» THE PROBLEM:
Only lines with the string "that" are wanted. Pull them out of the data.

» PROVIDED DATA:

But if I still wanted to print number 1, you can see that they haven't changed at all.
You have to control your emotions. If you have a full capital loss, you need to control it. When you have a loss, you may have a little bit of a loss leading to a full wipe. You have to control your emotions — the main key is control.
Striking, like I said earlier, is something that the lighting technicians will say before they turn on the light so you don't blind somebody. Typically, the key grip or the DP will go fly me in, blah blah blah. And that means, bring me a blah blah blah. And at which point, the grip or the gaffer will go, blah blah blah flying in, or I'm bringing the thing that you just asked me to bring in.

==

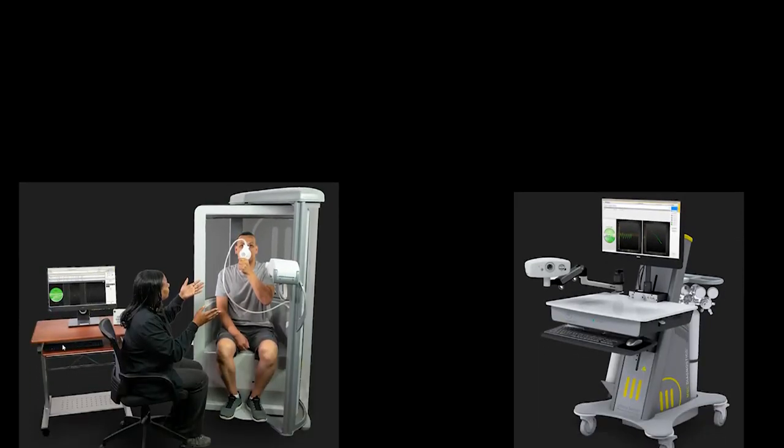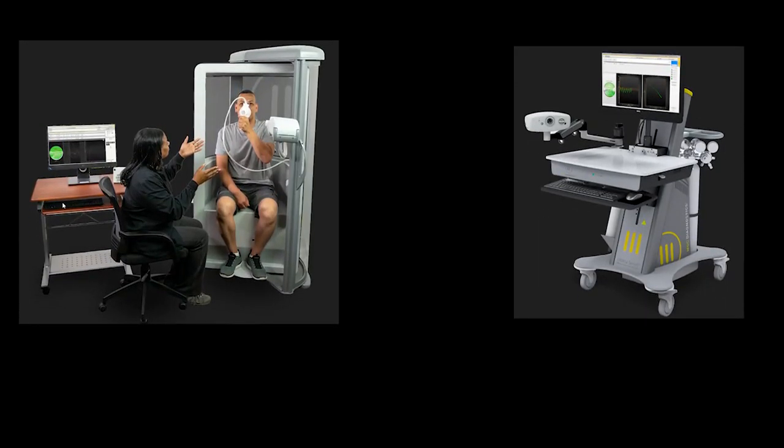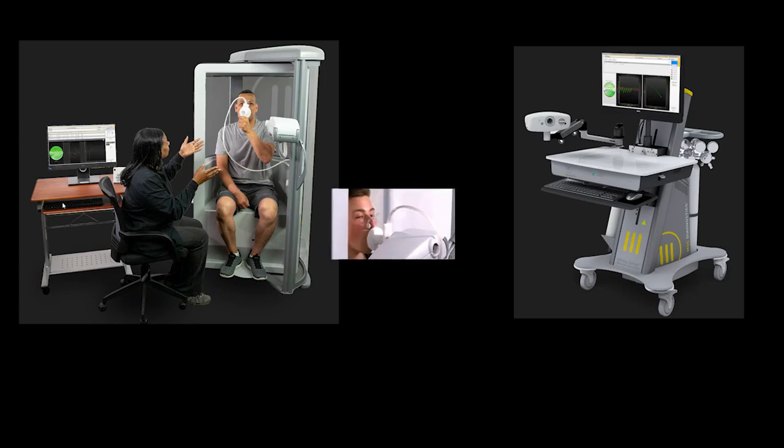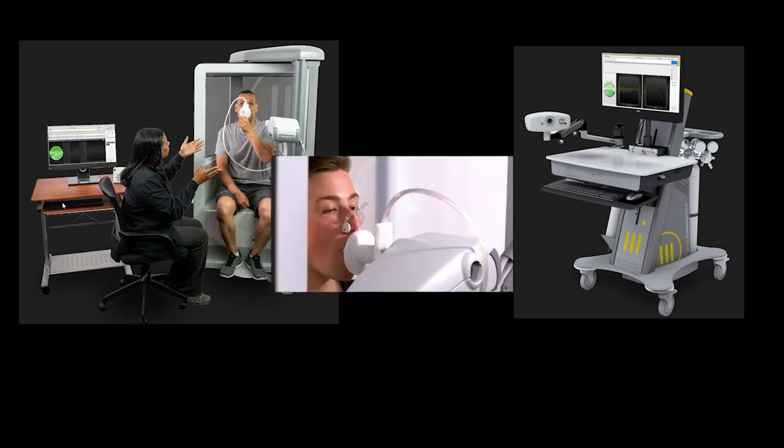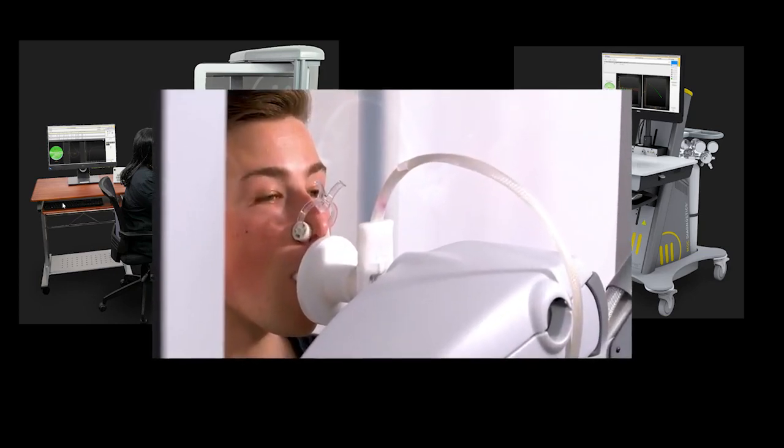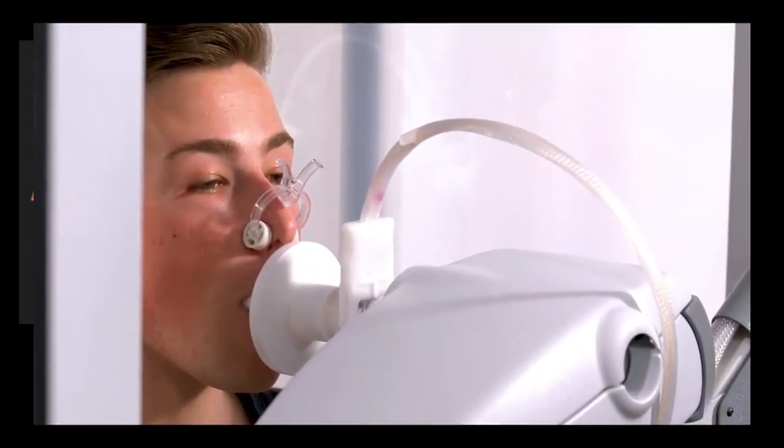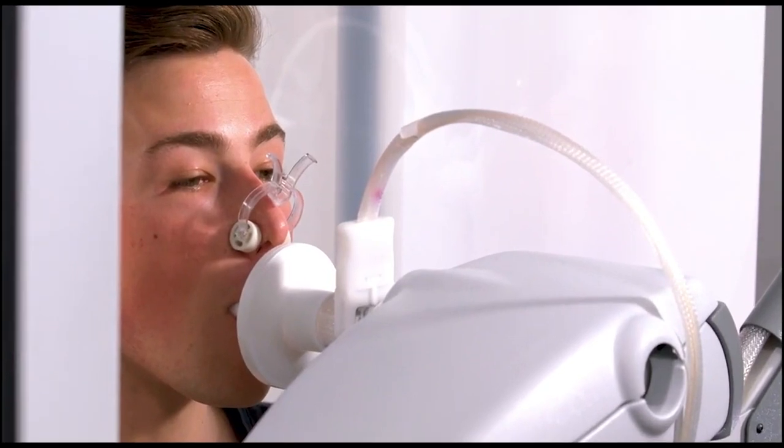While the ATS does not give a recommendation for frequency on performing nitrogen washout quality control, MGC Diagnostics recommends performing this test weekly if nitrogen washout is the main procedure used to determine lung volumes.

==

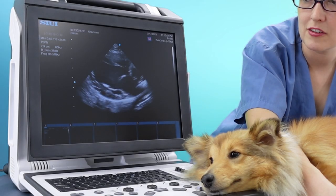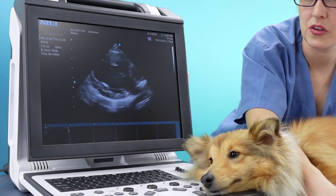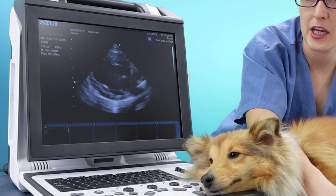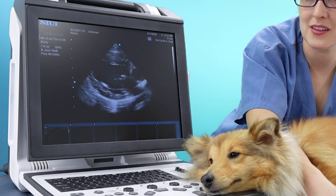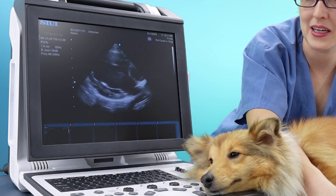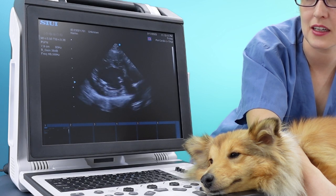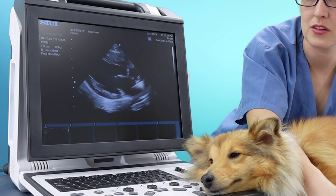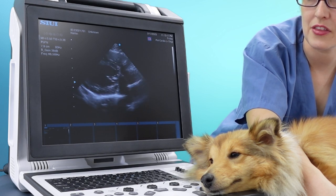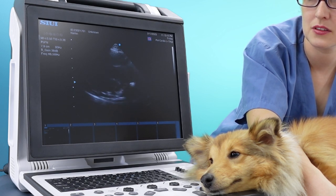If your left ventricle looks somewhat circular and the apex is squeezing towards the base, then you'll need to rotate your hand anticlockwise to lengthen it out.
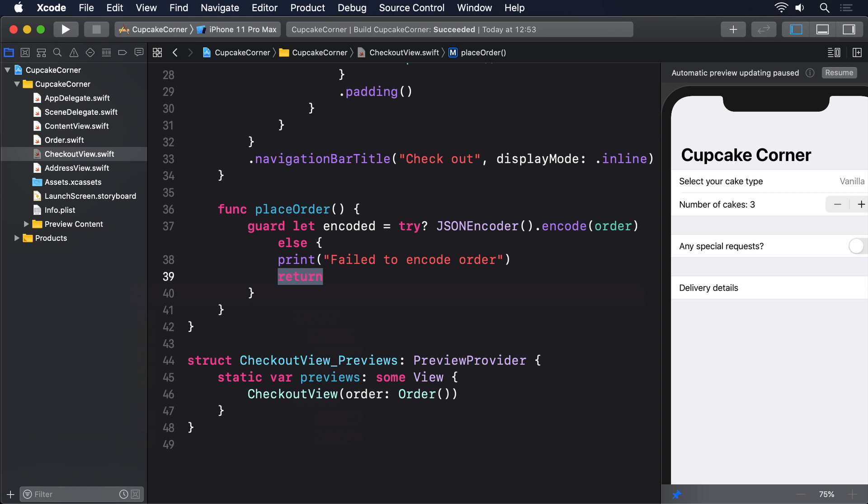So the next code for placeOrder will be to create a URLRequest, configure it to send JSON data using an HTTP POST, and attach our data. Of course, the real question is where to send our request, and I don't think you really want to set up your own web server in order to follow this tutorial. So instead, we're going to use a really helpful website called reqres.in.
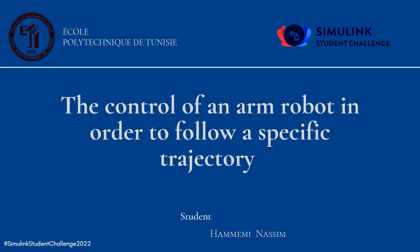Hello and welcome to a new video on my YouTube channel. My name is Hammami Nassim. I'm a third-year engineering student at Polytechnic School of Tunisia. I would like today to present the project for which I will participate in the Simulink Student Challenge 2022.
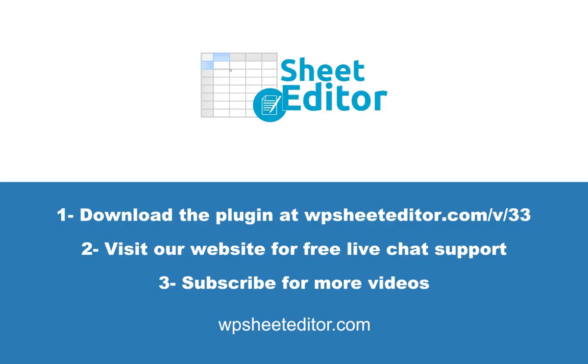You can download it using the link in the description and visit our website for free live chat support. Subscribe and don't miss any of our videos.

» ANSWER FOR THIS EXERCISE:
But if I still wanted to print number 1, you can see that they haven't changed at all.
Striking, like I said earlier, is something that the lighting technicians will say before they turn on the light so you don't blind somebody. Typically, the key grip or the DP will go fly me in, blah blah blah. And that means, bring me a blah blah blah. And at which point, the grip or the gaffer will go, blah blah blah flying in, or I'm bringing the thing that you just asked me to bring in.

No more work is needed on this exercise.